Blickt man noch weiter zurück, erscheinen noch andere Momente in der Zeit zwischen 1930 und 1933, in denen die Handlungen individueller Akteure mehr Gewicht hatten als gewöhnlich. Im Falle Brünings war dies das rigide Festhalten an seiner Deflationspolitik, welche die Auswirkungen der tiefen Wirtschaftskrise noch verstärkte und zu einer zunehmenden Radikalisierung weiter Kreise der deutschen Bevölkerung führte. Brüning kannte sicherlich auch andere, weniger traumatische Strategien zur Bekämpfung der Krise, setzte diese aber, hauptsächlich aus außenpolitischen Gründen, nicht ein, bis es zu spät war. Doch erst mit Schleichers Einmischung in die politischen Prozesse begannen die wirklichen Probleme. Während die Wahl Brünings als Müllers Nachfolger im Frühjahr 1930 angesichts fehlender Alternativen sicherlich noch sinnvoll war, kam Brünings hartnäckiger Rückgriff auf Artikel 48 zur Durchsetzung seines Wirtschafts- und Sozialprogramms der langfristigen Strategie Schleichers und der deutschen konservativen Eliten sehr nahe, welche die Ausübung der Exekutivgewalt von den Wechselfällen der Weimarer Parteipolitik abkoppeln wollten. Das Regieren durch Notverordnungen spielte eine besonders unheilvolle Rolle bei der Auflösung der Weimarer Republik, da es den Entscheidungsprozess vom Reichstag auf den Reichspräsidenten übertrug. Dies geschah zu einem Zeitpunkt, als der sich verschlechternde Gesundheitszustand Hindenburgs den Reichspräsidenten besonders empfänglich für die Manipulationen seiner Kamarilla machte, die nun über enorme Einflussmöglichkeiten zur Durchsetzung ihrer Intrigen ohne legislative Kontrolle verfügte.

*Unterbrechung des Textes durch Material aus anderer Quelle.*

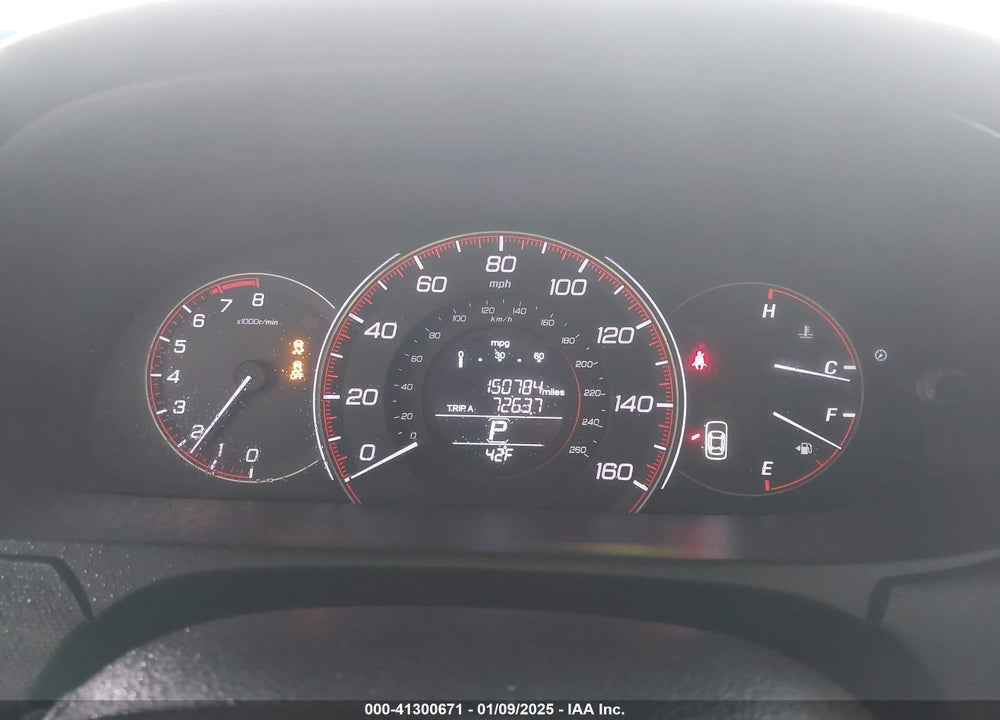 2013 HONDA ACCORD SPORT VIN: 1HGCR2F54DA070703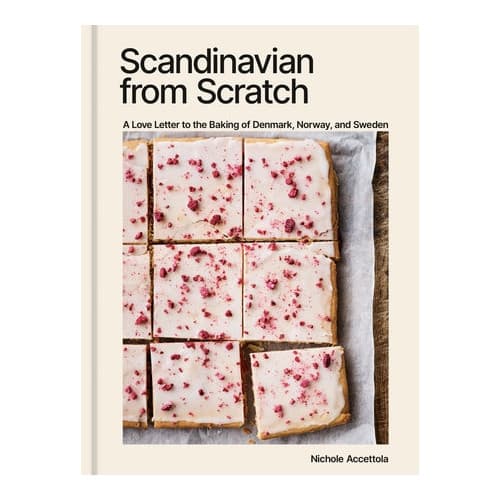 Scandinavian from Scratch (inbunden, eng)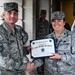 Barksdale leadership congratulates new Chief Master Sgt. selects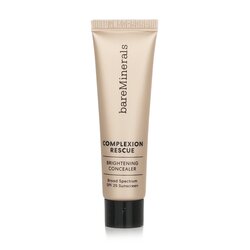 Bare Escentuals Complexion Rescue Brightening Concealer SPF 25 - # Light Cashew 10ml/0.33oz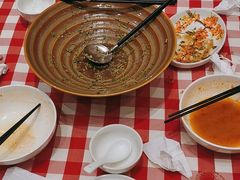 -西贝莜面村(朝阳大悦城店)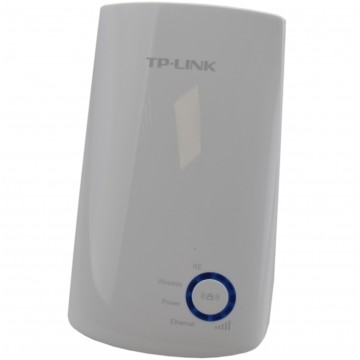 Wzmacniacz sygnału WiFi 300Mb/s Range Extender TP-Link TL-WA850RE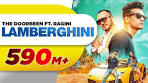 Download the Latest “Lamborghini” Song for Your Playlist!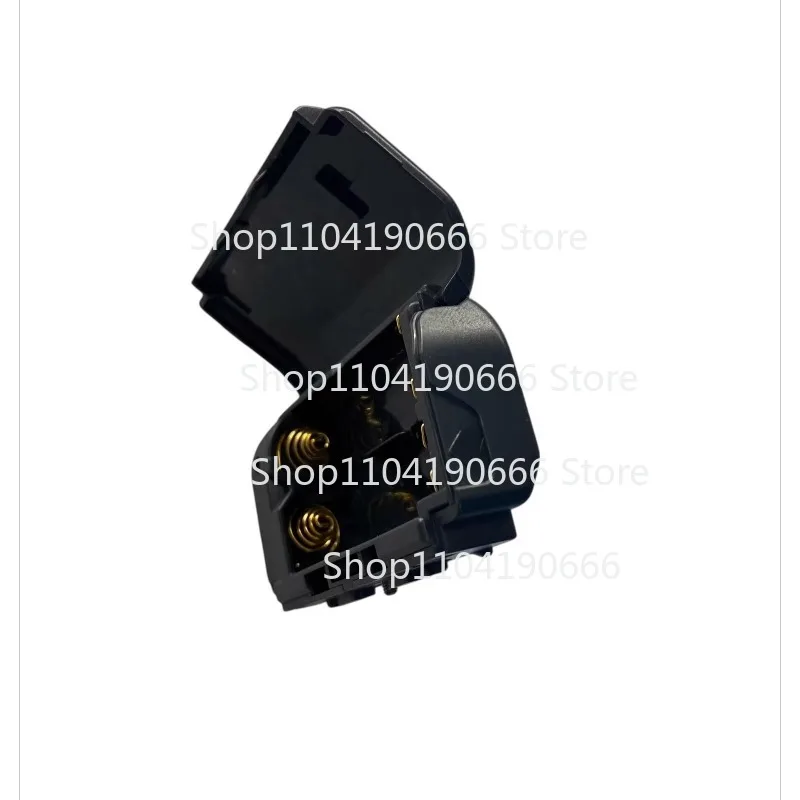 Used External Battery Pack Case For  MZ-R50 EBP-MZR4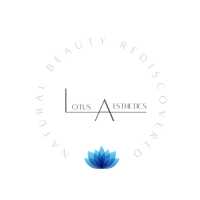 Lotus Aesthetics and Wellness Logo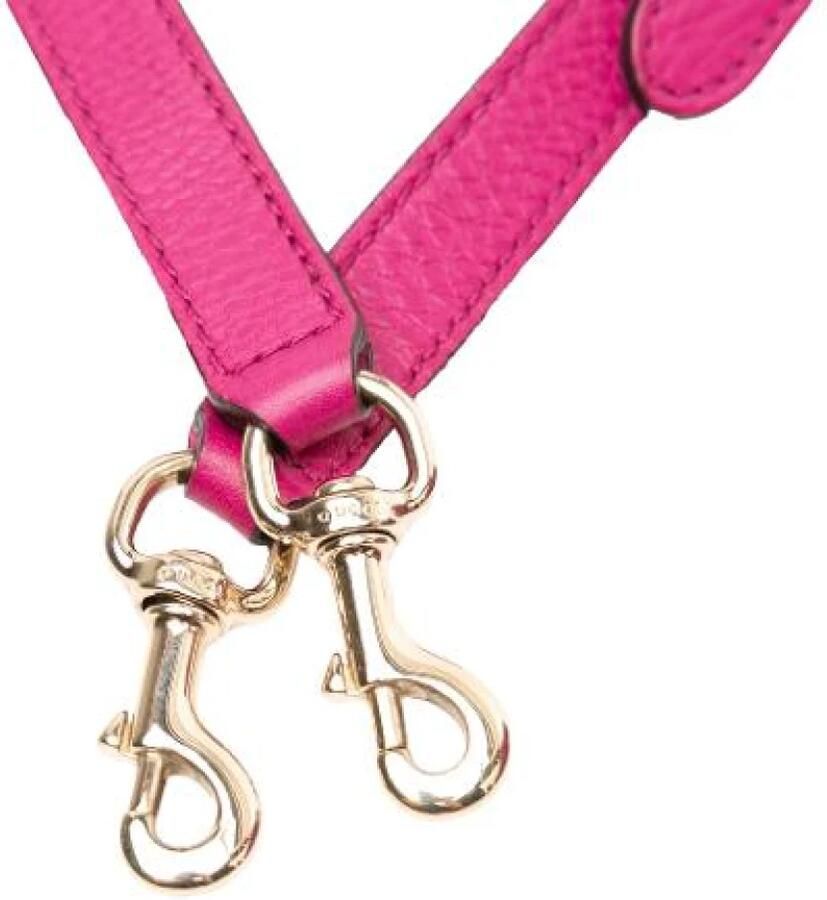 Gucci Vintage Pre-owned Small Bamboo Shopper - Foto 2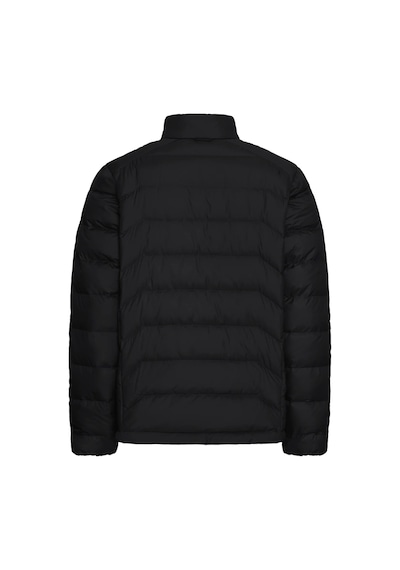 Jack Wolfskın Jack Wolfskin Wild Pass Down Rds Erkek Outdoor Ceketi 6000 Siyah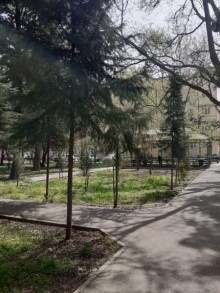 Satılır Köhnə Tikili, Binəqədi.r, 7-ci mikrorayon, Azadlıq.m-4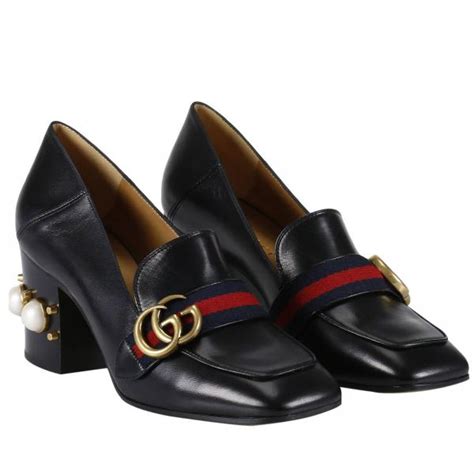 scarpe gucci saldi donna
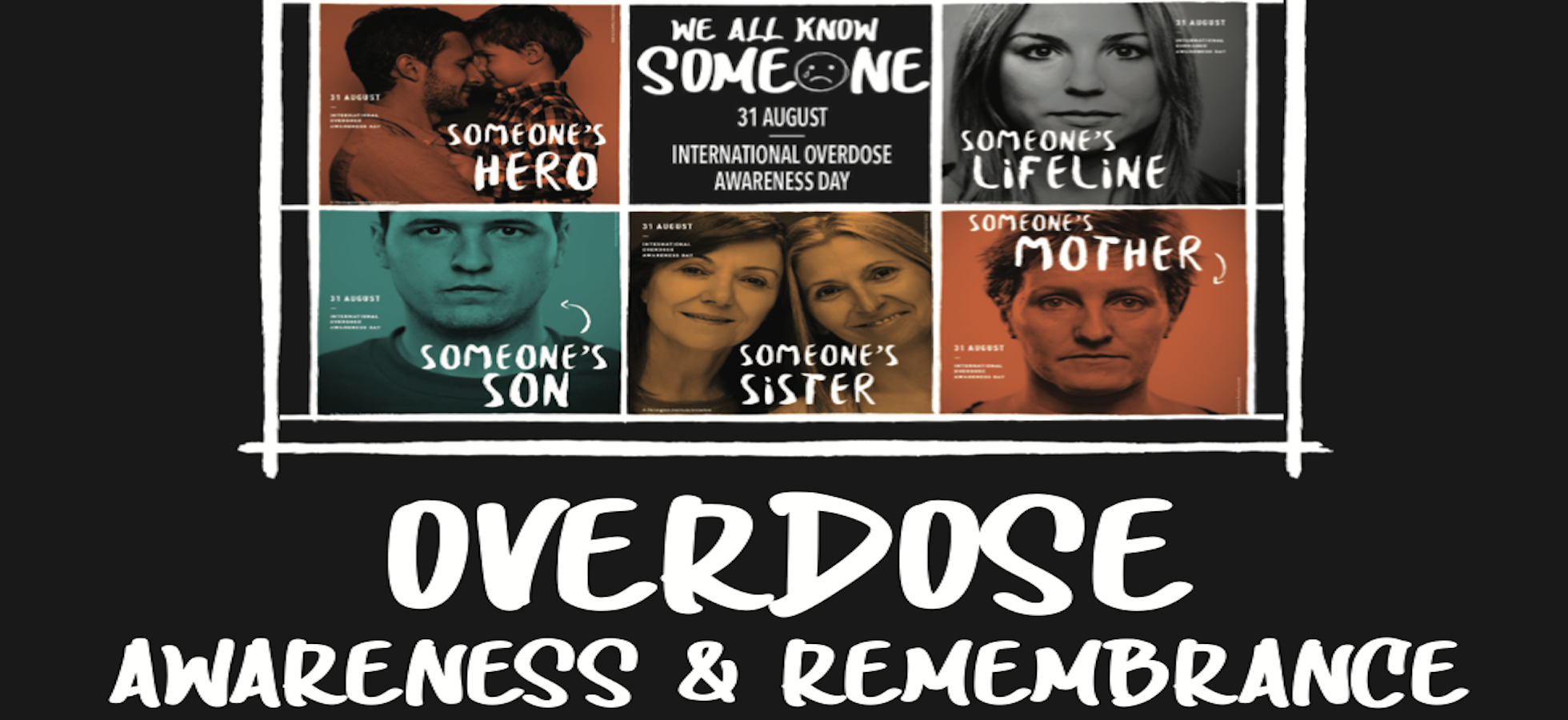 Their Lights Shine On: Overdose Remembrance and Awareness at Assumption University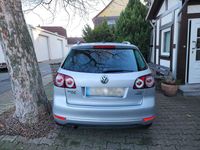 Gebraucht VW Golf Plus Cross Life 105 PS (77 kW) 2014 Grau Van / Kleinbus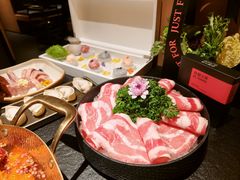 -色響火锅(恒隆广场店)
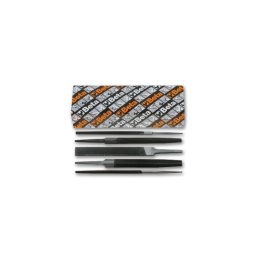 Beta 1718A8/S5 Serie di 5 lime a taglio mezzodolce (art. 1718A8) 017180040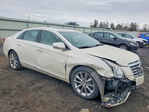Cadillac XTS 2014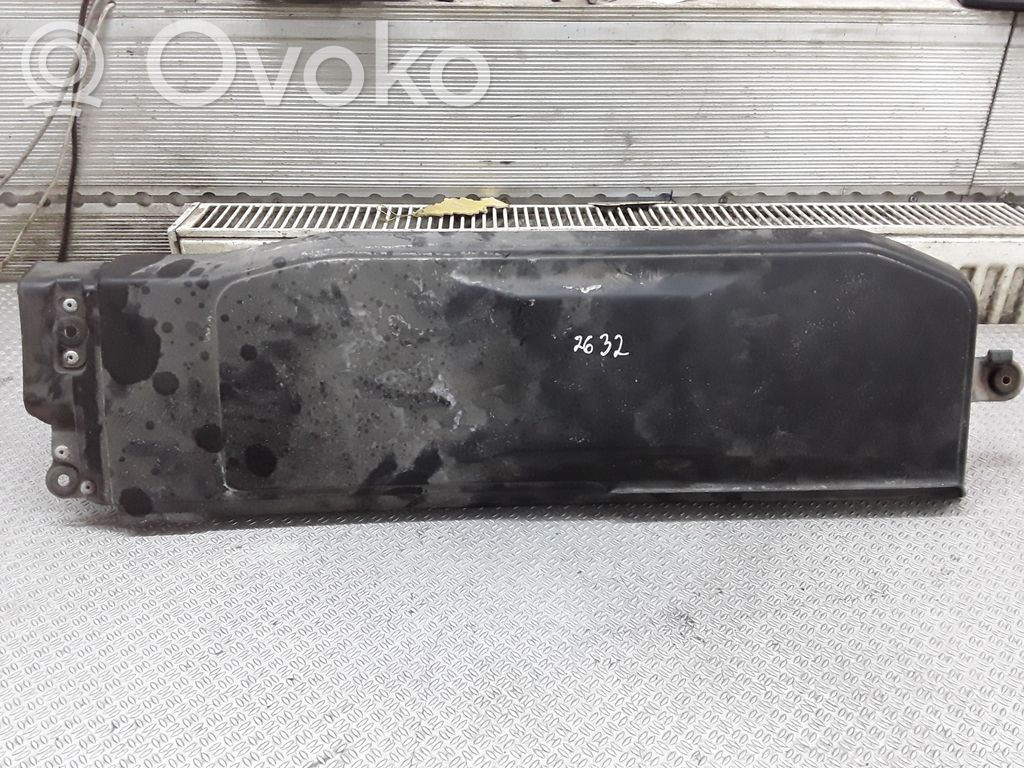 Lexus LS 400 Część rury dolotu powietrza 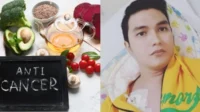 Aldi Taher Ungkap Makanan yang Harus Dihindari Pasca Sembuh Kanker: Tips Pola Hidup Sehat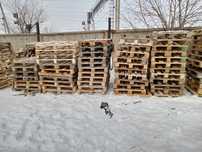 Продам паллеты, деревянные поддоны,европоддоны , цена от 1500 до 2000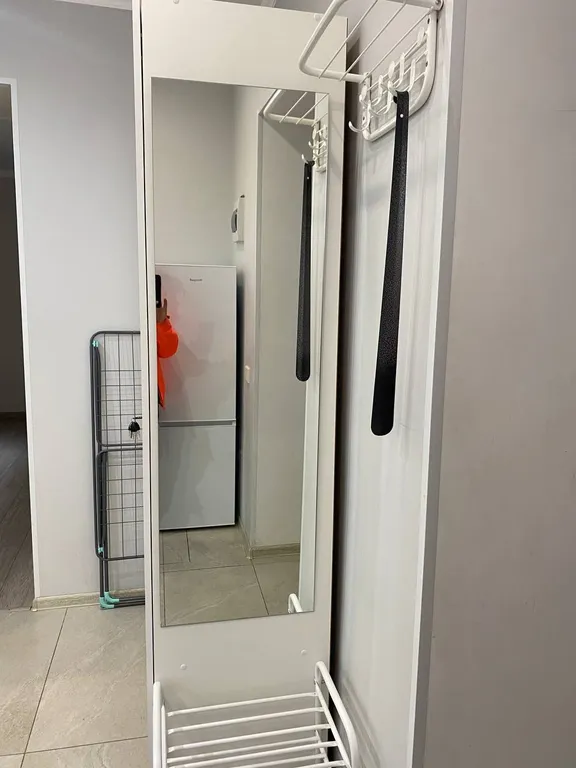 Дом в курортной зоне с парковкой и мангалом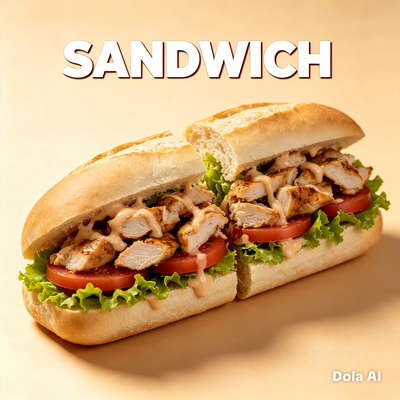 SANDWICH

Schleichers fixe Idee von einer „Zähmung“ der Nationalsozialisten durch deren Einbindung in die Regierungsverantwortung war das Ergebnis einer fundamentalen Fehleinschätzung Hitlers und der Lage innerhalb der NSDAP. Dies beflügelte zudem die wahnhaften Fantasien der präsidialen Entourage von einer möglichen Zusammenarbeit mit Hitler. Auch der Reichspräsident selbst hing diesem Irrglauben an. Aus bisher größtenteils ungeklärten Gründen überwand Hindenburg in der zweiten Hälfte des Januar 1933 seine Aversion gegen Hitler und erlag dem Einfluss der präsidialen Kamarilla, die in Hitlers Ernennung zum Reichskanzler das einzige Gegenmittel gegen die sich verschärfende politische Krise in Deutschland sah. Doch die verhängnisvollste Entscheidung war die Ernennung Papens zum Reichskanzler im Juni 1932, die wahrscheinlich auf eine persönliche Laune des Reichspräsidenten zurückging. Papen war nicht nur vollkommen unqualifiziert für das Amt des Reichskanzlers, er erwies sich darüber hinaus als mehr als nur ein Platzhalter, den nach seinem Amtsantritt nicht einmal Schleicher kontrollieren konnte. Nach seiner Absetzung begann Papen gegen Schleicher zu intrigieren. Er legte dabei eine Boshaftigkeit an den Tag, die sich unter anderem in einer kompletten Missachtung der Realität ausdrückte und ihn zu seiner verhängnisvollen Umwerbung Hitlers verleitete. Die Entlassung Groeners, Brünings und selbst des anmaßenden Papens schwächte Schleichers Position gegenüber dem Reichspräsidenten deutlich, sodass er nicht mehr in der Lage war, die von ihm klar vorausgesehene völlige Katastrophe für die deutsche Nation zu verhindern. Im Endeffekt war Papens krönende Errungenschaft – die Bildung einer „Regierung der nationalen Konzentration“ am 30. Januar 1933 – ebenso sehr das Ergebnis von kleinlichen Animositäten, strategischen Misskalkulationen und der bewussten Missachtung der Konsequenzen wie eine Folge der Wirtschaftskrise und der Lähmung der Weimarer Demokratie.